Gearman is a great tool for farmed or distributed work. It's some kind of basic cloud handling: Many Worker processes (usually running on many different servers) are waiting for jobs to process and there's (hopefully) always another worker taking over if one worker (server) should ever die. But what happens, if a single job dies and should be repeated?
Let's have a short look on what Gearman does within a job's life:
|Send a job|
|Store the job in the queue|
|Wait for a free worker slot|
|Ask for something to do|
|Send the job to the worker|
|Confirm the job|
|Run the job|
|Report the result|
|Delete the job from the queue|
|Report the result to the client|
|Receive the job result|
Gearman has some nice features. One of them is the ability to retry jobs on crashing workers. Let's say, the worker server running our job is the bottom-most server in a datacenter rack. Some emergency occurs somewhere else and the technical stuff has to go to the datacenter, but there's nobody for taking care of this baby. The baby is crawling around and suddenly discovers that great blinking box! It starts crawling to that blinking lights and pulls itself up to get a better look as the lights suddenly disappear. The baby didn't know that his lovely soft baby-hand just pressed the power switch.
The worker server is gone now and so is the running job! We don't care for the baby at the moment but look at the dispatcher: The worker process also disappeared and as soon the Gearman server realizes this fact, he startes getting panic: A job disappeared while a client is waiting for it! This must not happen!!! But there is a solution: Other workers (installed much higher and not reachable for the baby) are still there and so it pushes the job to one of them. As soon as the job is done, it's result is returned to the client which had to wait a bit longer but finally got the result.

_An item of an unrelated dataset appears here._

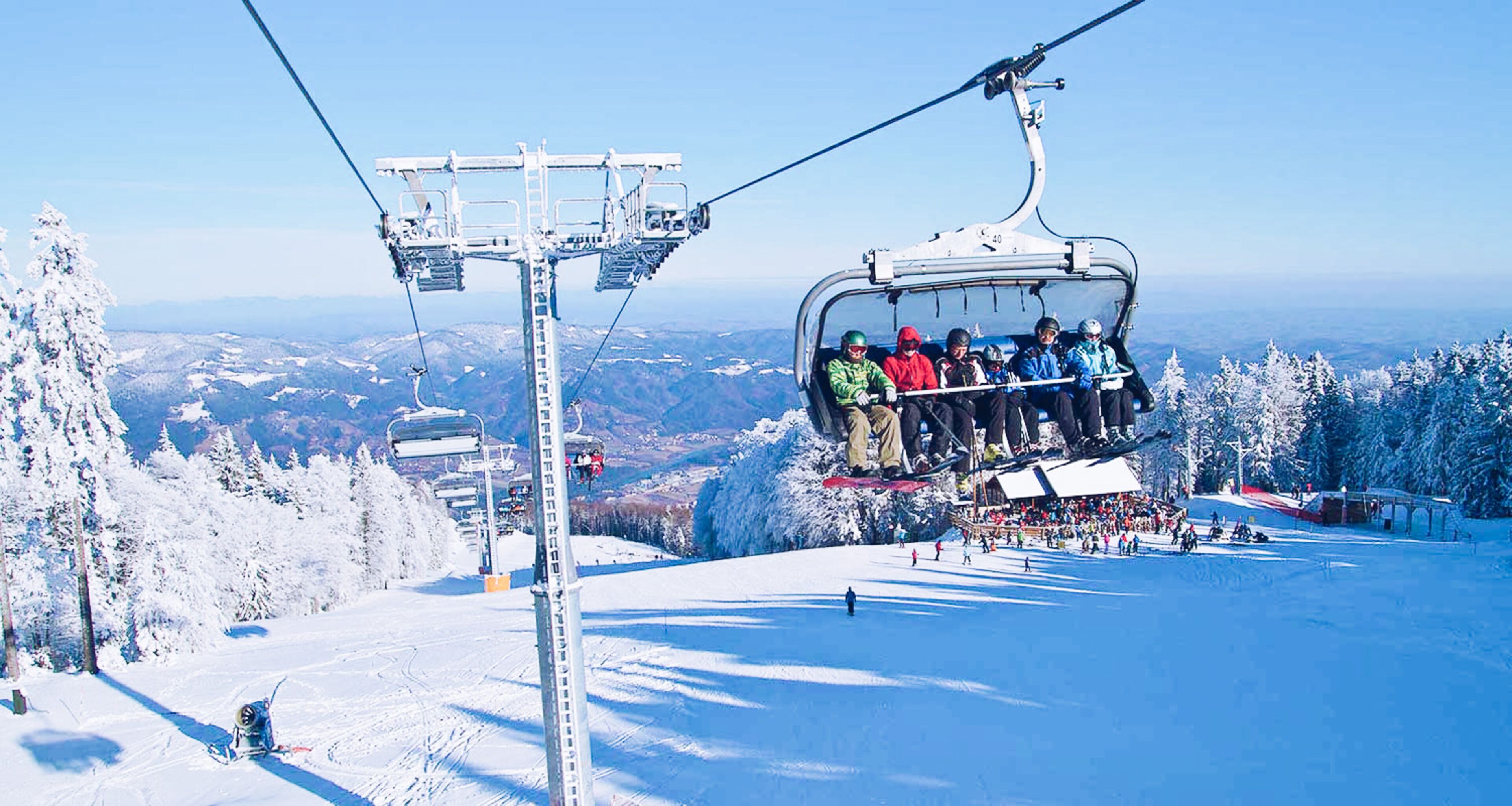 A ski lift with passengers, surrounded by snow-covered trees and a clear sky.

RisksAny data manipulation done by a job might screw up data in the end. The job might INSERT a record INTO one table and UPDATE another increasing the row count. The baby error might occur between both commands. The second worker also tries to do both but either INSERTs a duplicate record or fails because some unique key is violated. No matter what happens, the data isn't consistent any longer and there might be a stale record left over from the first (interrupted) job run. (Transactions might solve this, but there are still many things which could go wrong if a job is being started twice.)
Forcing a retrySome jobs should be retried by intention: Something happened and the job didn't finish but it know that a restart would be safe and much better than loosing the job. Any worker process may return three different status codes to the Gearman dispatcher server (beside dying badly, which could be considered as an additional type of "return status"):
But all of them are "results" from a job and any result will make the Gearman server consider the job as "done", report the result to the client and delete it from the queue, none of them will trigger a retry of the job on another server!

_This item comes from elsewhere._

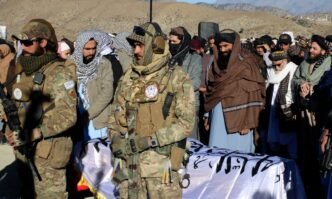 Thousands attend the funeral of a Taliban minister killed by an Islamic State suicide bomber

I did some tests and asked the all-knowing internet, but the only way of forcing a retry seems to be an exit call within the worker process killing not only the running job, but also the worker process. Herman reported, that PHP requires an exit code (above zero), but I can't confirm this for Perl.

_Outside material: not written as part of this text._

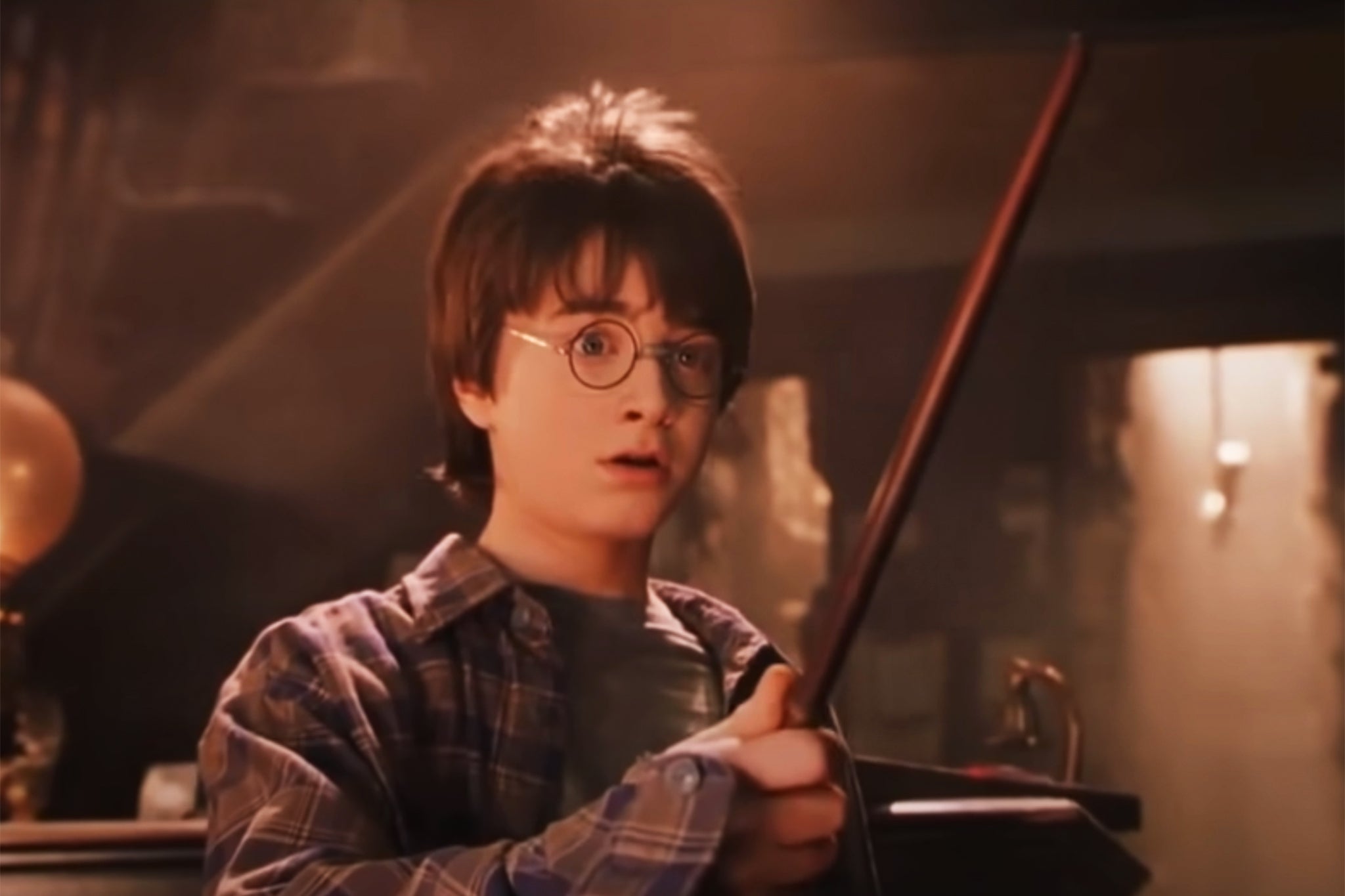 Daniel Radcliffe as Harry Potter with wand in hand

Killing worker processes is always a bad idea, because they're supposed to be long (forever) running processes. Restarting them is usually very expensive compared to running a job and a restart should not happen after (or within) every job.
There are some situations where every worker process is running one single job before exiting, but they're very, very rare. Exiting them before completing the job would be perfectly ok.
There seems to be only one solution: Add a retry function within the client or (own) worker source. I'm usually wrapping the Gearman::Worker module into a project module to add some common environment for the worker subs. That would be a good place to start.